EXERCISE INSTRUCTIONS
Pictures are to be left out, and only the lines below starting at the one with "Women's Straight-Cut Blazer" and ending at the one with "荷叶束口袋 - 化妆包/杂物包 - 棉．麻" are to be reproduced, each exactly, both ends included.
----- DATA IN THIS EXERCISE
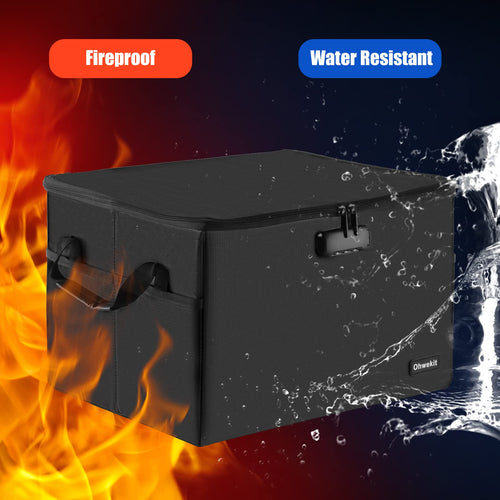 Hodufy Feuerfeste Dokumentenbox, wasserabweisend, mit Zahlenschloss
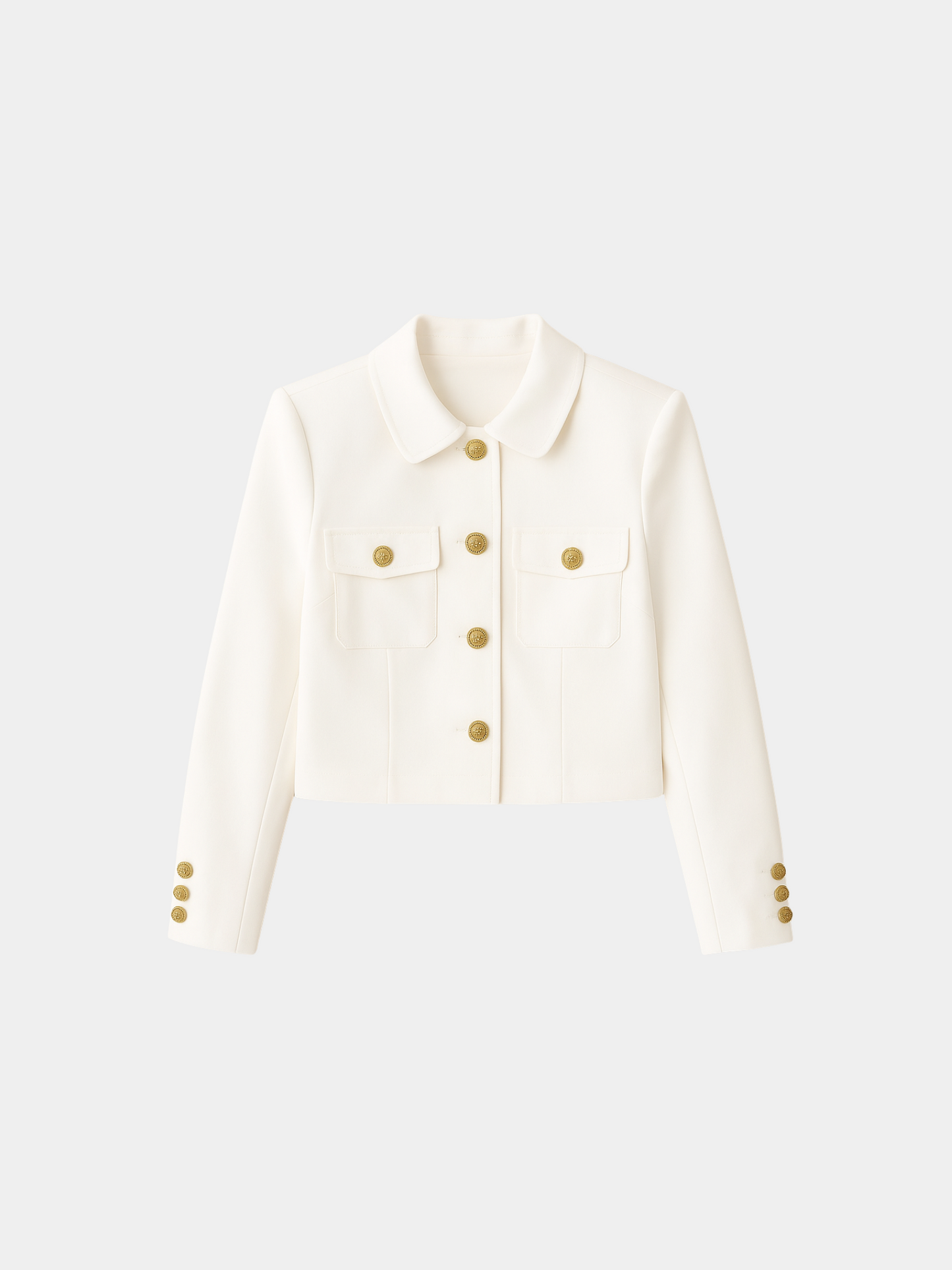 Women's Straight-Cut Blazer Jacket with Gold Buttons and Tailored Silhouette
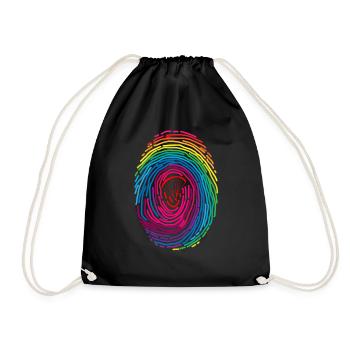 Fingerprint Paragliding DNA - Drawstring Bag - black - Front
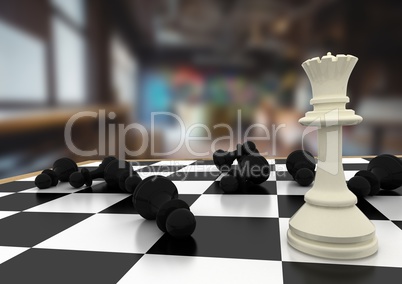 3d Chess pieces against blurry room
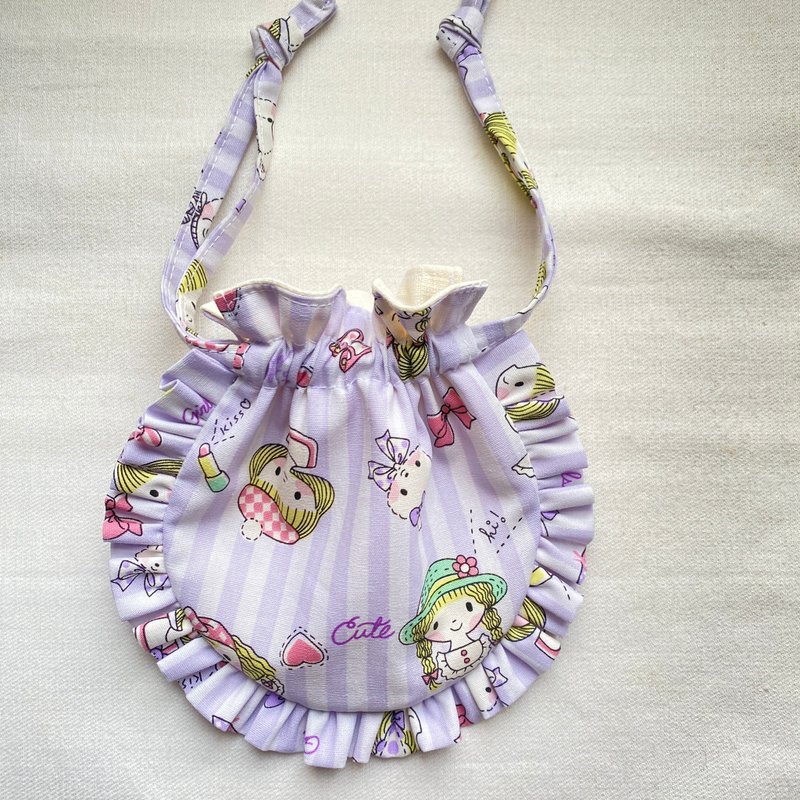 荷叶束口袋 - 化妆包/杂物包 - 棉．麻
----------
----- DATA IN THIS EXERCISE
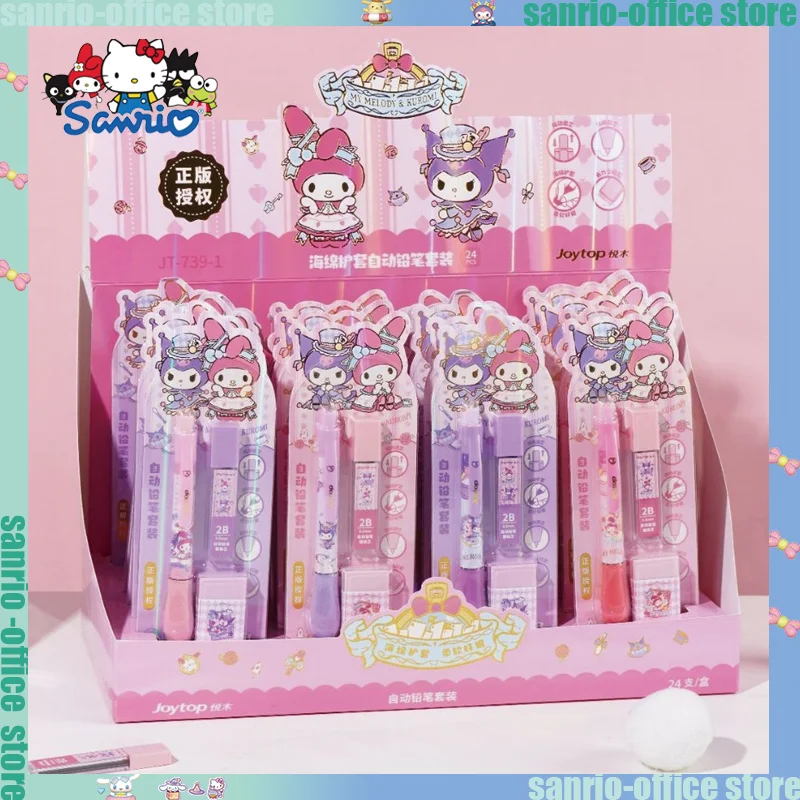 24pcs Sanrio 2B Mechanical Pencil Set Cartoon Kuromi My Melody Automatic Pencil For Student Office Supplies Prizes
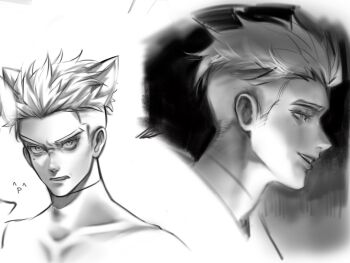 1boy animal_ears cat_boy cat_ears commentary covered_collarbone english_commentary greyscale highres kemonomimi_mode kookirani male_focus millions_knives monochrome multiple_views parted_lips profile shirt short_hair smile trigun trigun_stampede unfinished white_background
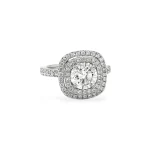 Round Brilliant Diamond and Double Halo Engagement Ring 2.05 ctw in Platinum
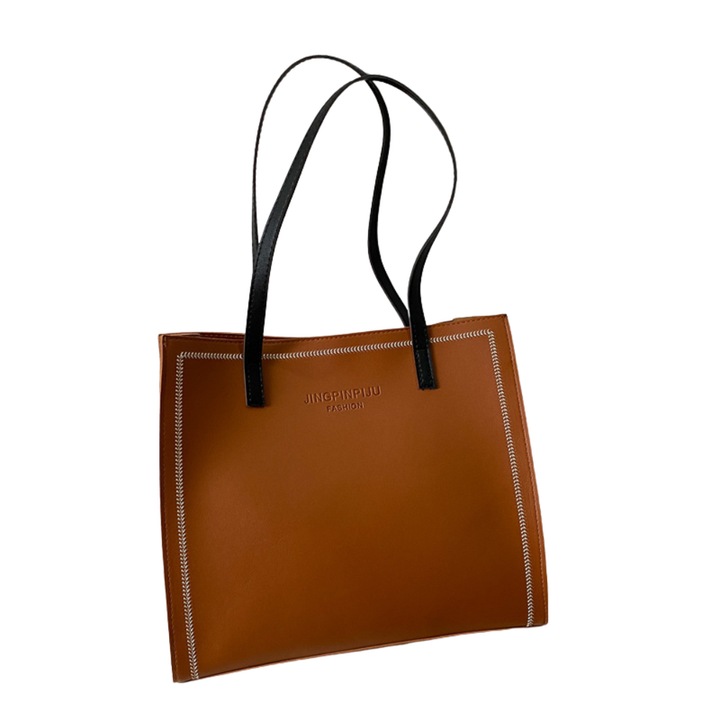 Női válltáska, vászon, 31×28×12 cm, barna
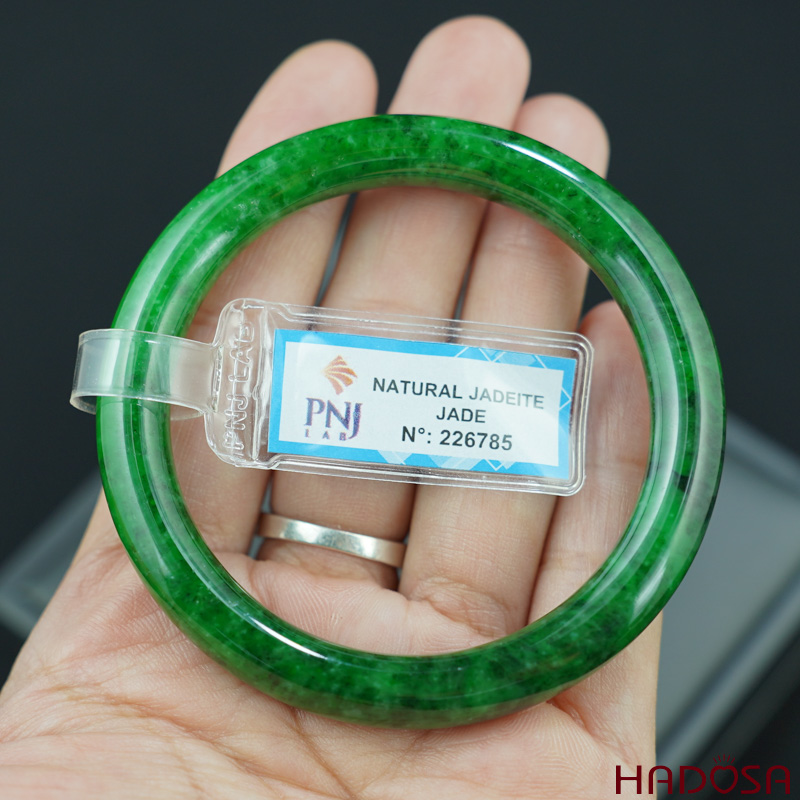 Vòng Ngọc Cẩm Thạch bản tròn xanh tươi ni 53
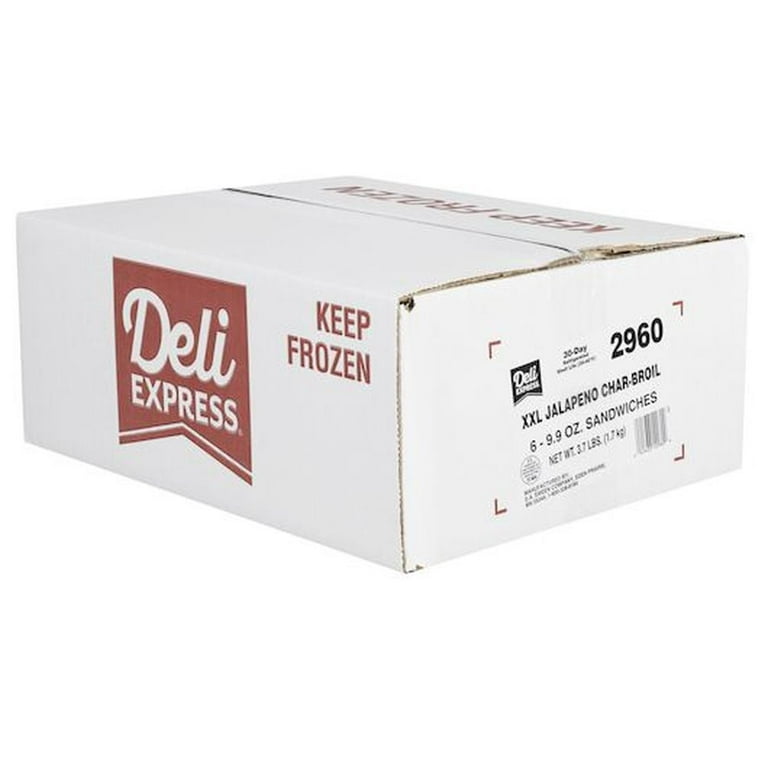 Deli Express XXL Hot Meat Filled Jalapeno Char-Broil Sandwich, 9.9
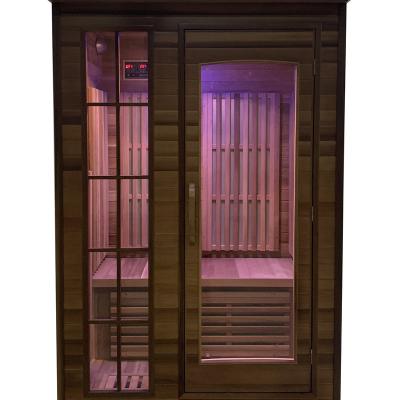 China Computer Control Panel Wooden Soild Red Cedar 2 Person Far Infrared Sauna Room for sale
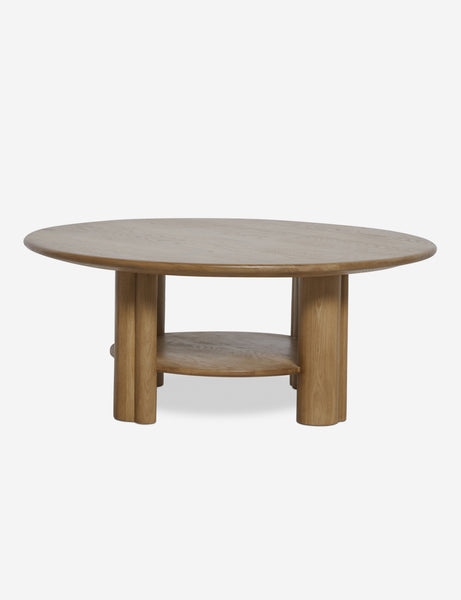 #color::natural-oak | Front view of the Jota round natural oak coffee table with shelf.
----------
----- DATA IN THIS EXERCISE
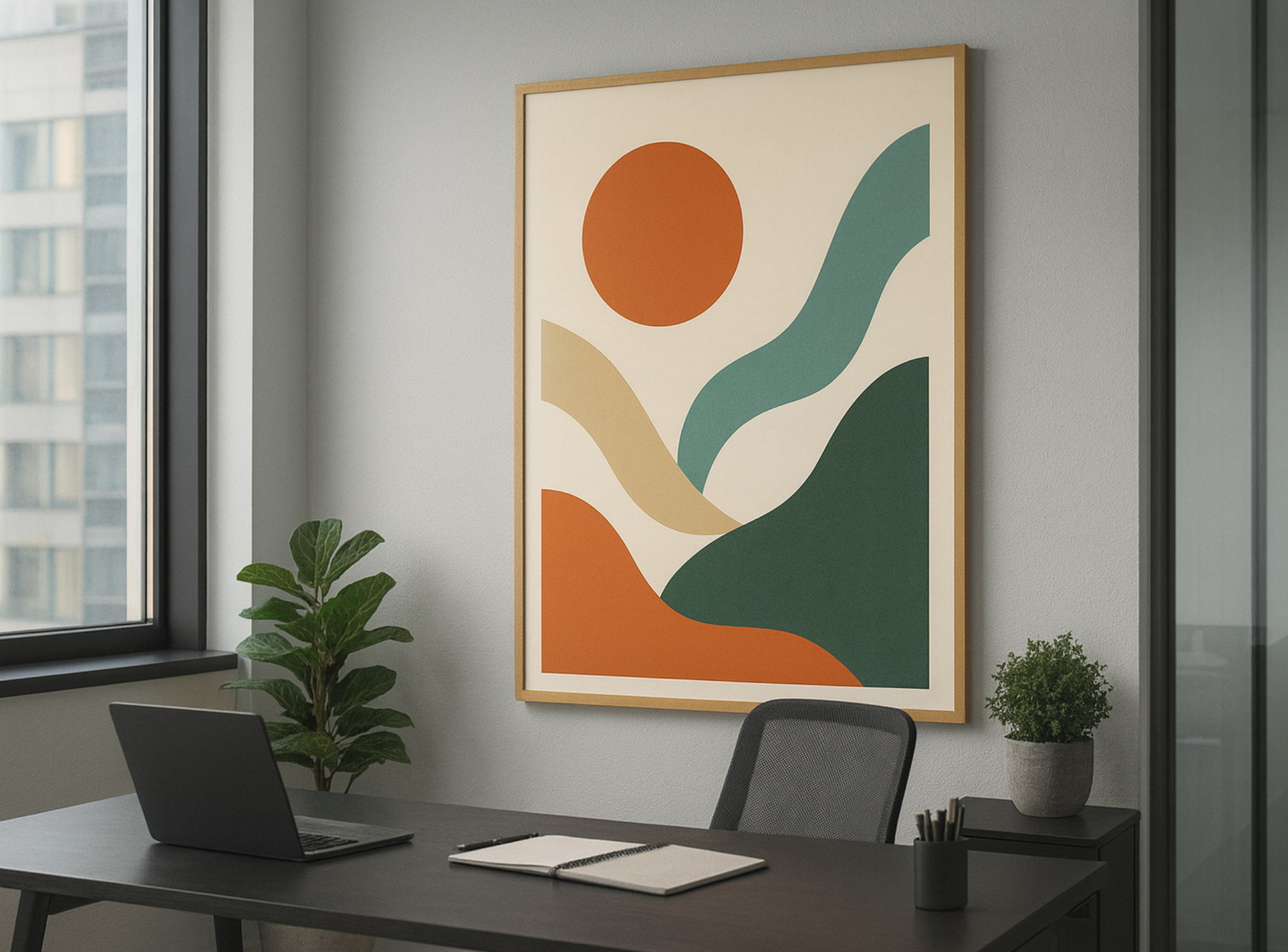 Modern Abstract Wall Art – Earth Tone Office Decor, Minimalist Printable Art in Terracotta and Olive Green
----------
ANSWER SECTION
 Women's Straight-Cut Blazer Jacket with Gold Buttons and Tailored Silhouette
 Fingerprint Paragliding DNA - Drawstring Bag - black - Front
 3d Chess pieces against blurry room
 荷叶束口袋 - 化妆包/杂物包 - 棉．麻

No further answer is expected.